A questo punto c’è chi si salva e chi perisce, ma un certo numero di vittime è comunque inevitabile. Poi si accendono le telecamere e magari si suscita la commozione per la piccola orfana lattante che beve dal biberon tra le braccia di una donna in uniforme. Una commozione naturale e doverosa, che però non dovrebbe impedirci di chiedere le ragioni di un sistema a causa del quale la morte in mare della mamma della bambina non è un incidente imprevedibile bensì la conseguenza inevitabile di scelte sbagliate. Senza dunque nulla togliere ai meriti di chi si adopera in questi salvataggi, resta intatta la responsabilità dei governi che con tale politica non solo non contrastano il contrabbando di esseri umani, ma anzi ne assicurano il costante sviluppo. Come pure resta intatta la responsabilità dei direttori dei telegiornali che fanno spettacolo dei naufragi senza mai aiutare il loro pubblico a capire che cosa si potrebbe fare per evitarli.

C’è poi la responsabilità specifica riguardo al caso della Siria. «(…) la retorica sui profughi che scappano dalla guerra siriana appare ipocrita se nello stesso tempo si continua ad affamare, impedire le cure, negare l’acqua potabile, il lavoro, la sicurezza, la dignità a chi rimane in Siria», giustamente scrivevano i vescovi siriani di Aleppo e il Custode emerito di Terra Santa, Pierbattista Pizzaballa, nell’appello, anche da noi condiviso e sostenuto, (clicca qui) ma purtroppo disatteso,  contro il rinnovo delle sanzioni dell’Unione Europea contro la Siria. Di tali sanzioni non il governo di Assad né i suoi oppositori in armi fanno le spese bensì soltanto la popolazione civile. Il “no” di un solo Stato membro sarebbe bastato a evitarne il rinnovo per un altro anno, fino al 1° giugno 2017. Invece zitto zitto il Consiglio europeo l’ha votato l’altro giorno all’unanimità mentre l’attenzione dei media era tutta rivolta al G7 in Giappone e al discorso di Obama a Hiroshima. 

Senza che ciò basti a giustificare le duplicità e le censure che caratterizzano la sua politica in materia, resta però il fatto che con il “Migration Compact”, inviato lo scorso 15 aprile a Bruxelles e poi divenuto pubblico dal successivo 21 aprile, il governo Renzi ha comunque preso sul problema dei migranti un’iniziativa che merita attenzione. Seppur solo con riguardo all’Africa sub-sahariana, nel documento si considera finalmente il fenomeno nel suo insieme, senza ridursi alla questione del pronto soccorso e dell’accoglienza di chi comunque riesca a raggiungere il territorio dell’Unione Europea. 

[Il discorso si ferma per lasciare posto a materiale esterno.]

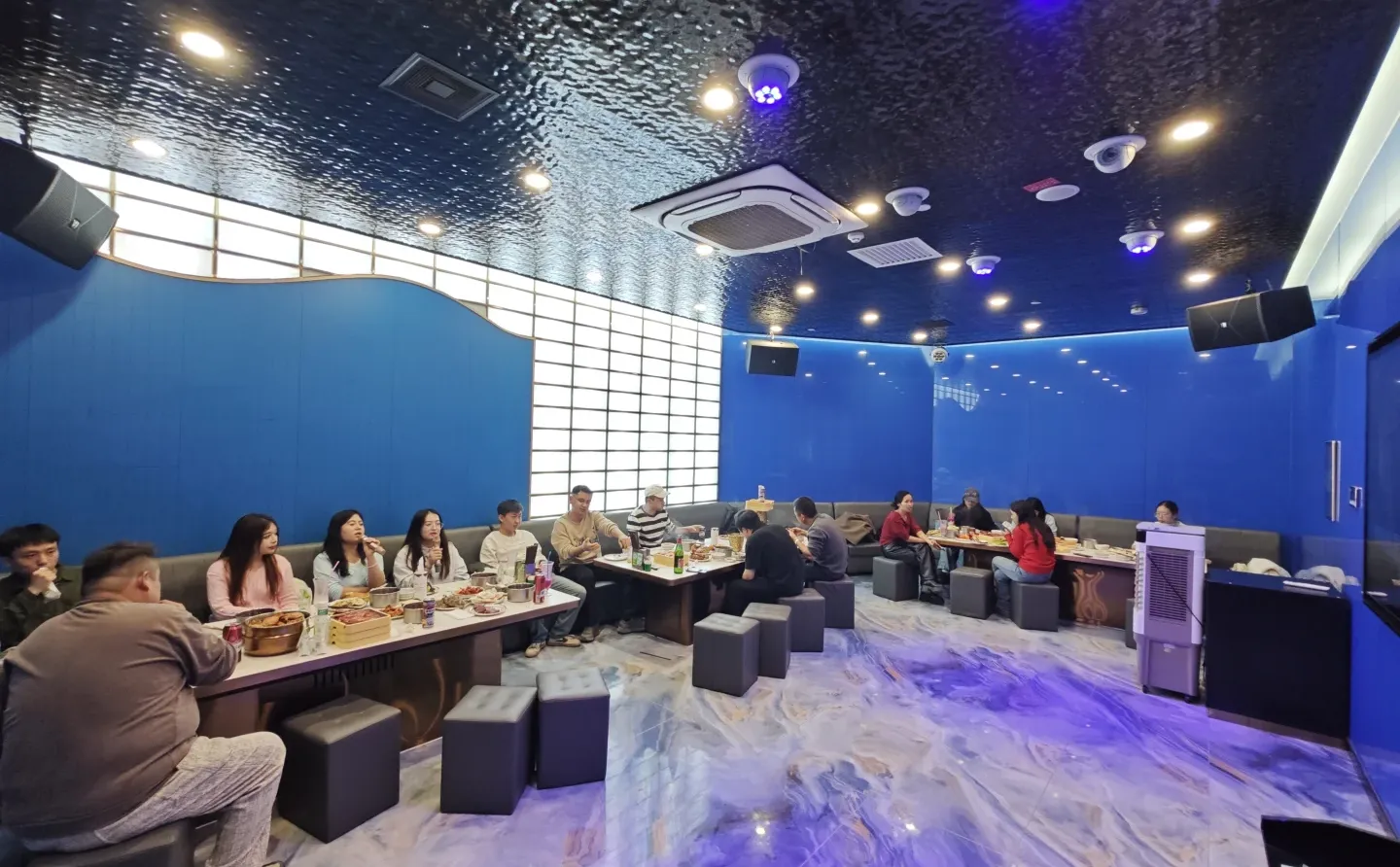 长沙市开福区万达广场写字楼办客服岗6k+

Continuando a dare prova di un’anglomania in sostanza molto provinciale, il governo ha scritto il documento in inglese, e non lo si ritrova in italiano nemmeno nel suo sito ufficiale. Se però ci si adatta a leggerlo nell’inglese peraltro un po’ coloniale in cui è scritto ci si accorge che dice qualcosa di nuovo, anche se con riguardo, dicevamo, alla sola Africa sub-sahariana. D’altra parte è da questa parte del mondo che già oggi, e ancor più nell’immediato futuro, verrà il grosso dei migranti.(vedi il libro di Anna Bono, Migrazioni, emergenza del XX secolo, pubblicato dalla Bussola) 

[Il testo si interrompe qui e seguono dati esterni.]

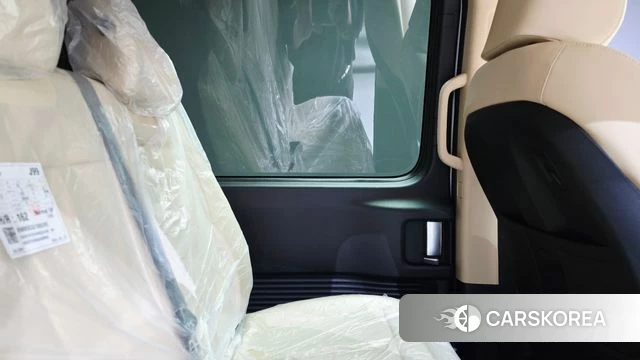 Hyundai Staria 2024 Белый из Кореи, фото 4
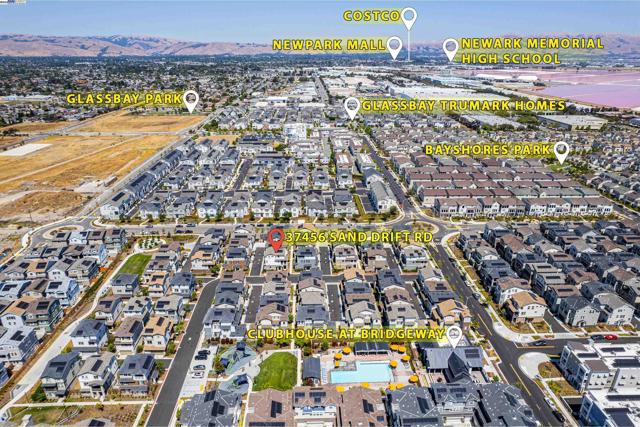 37456 Sand Drift Rd, Newark CA: https://media.crmls.org/mediaz/b6d7ec1e-566b-4ba0-8636-f246df0e1d5b.jpg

Le proposte contenute nel documento vanno peraltro prese con le molle, in primo luogo perché assegnano un ruolo-chiave ai governi dei Paesi di origine dei migranti, come si sa ben poco affidabili, ma in ogni caso sono una novità positiva.  Alla guerra come causa dell’esodo dalla Siria nel “Migration Compact” si fa solo un accenno, quasi fosse un evento meteorologico, né si affronta in modo adeguato il caso dei migranti dal Corno d’Africa che fuggono da Paesi dove il governo o non c’è o è totalmente inaffidabile. I limiti dell’iniziativa sono dunque evidenti, ma sia pure entro tali limiti siamo di fronte ad una svolta.  

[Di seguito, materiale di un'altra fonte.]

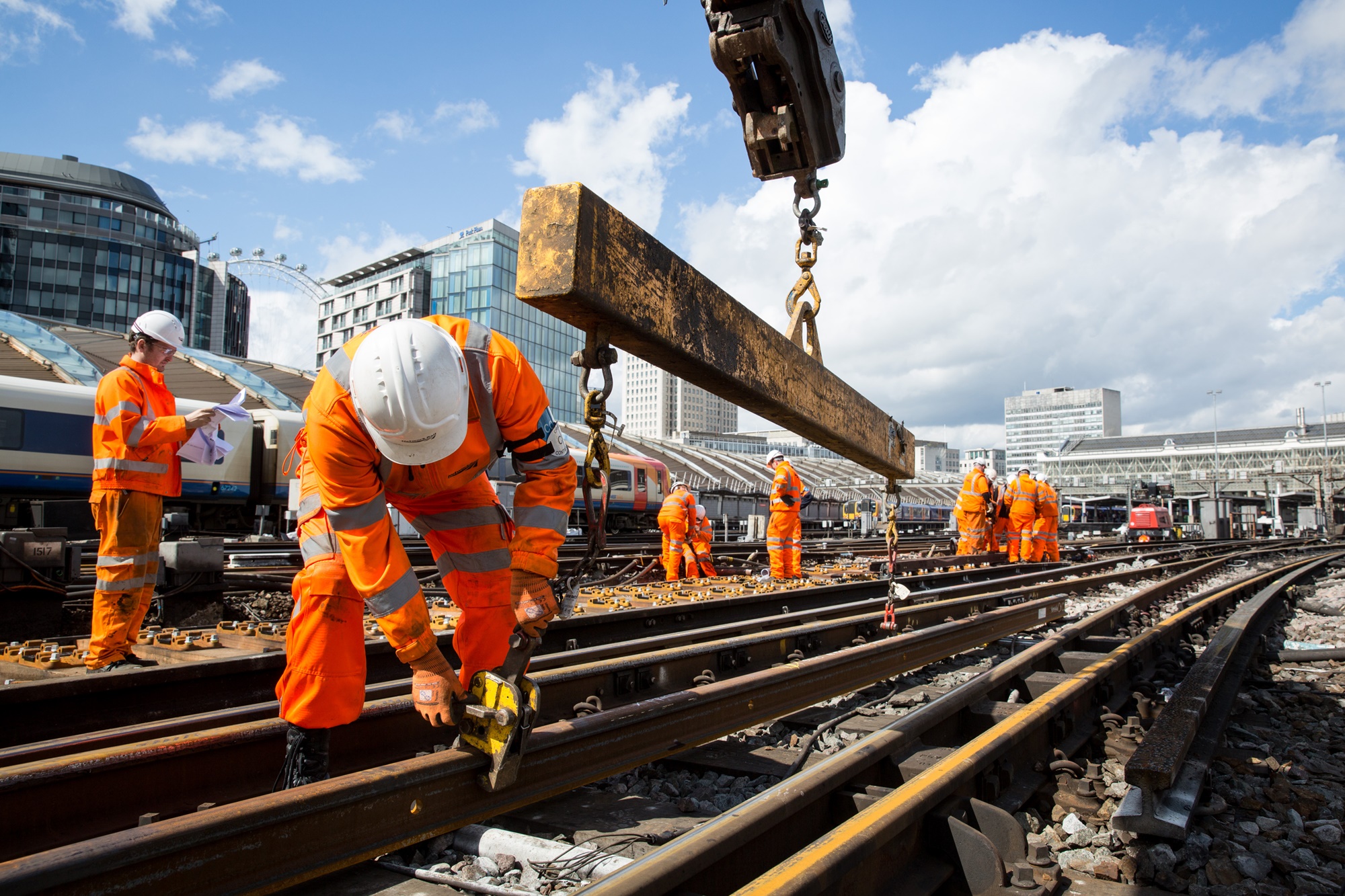 Rail and highway transport infrastructure corridor supported by specialist equipment procurement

Tutto ciò peraltro rende ancora più assurda la scelta di Renzi di accodarsi a chi ha voluto il rinnovo delle sanzioni contro la Siria, in questo caso dando così nuovo impulso all’esodo disastroso che invece nel caso dell’Africa sub-sahariana proclama di voler frenare. Il “Migration Compact” può ad ogni modo essere un punto di partenza per una discussione seria in sede europea che a questo punto il governo farebbe bene a esigere con maggior tenacia. Lo vorrà fare veramente? Speriamo di sì.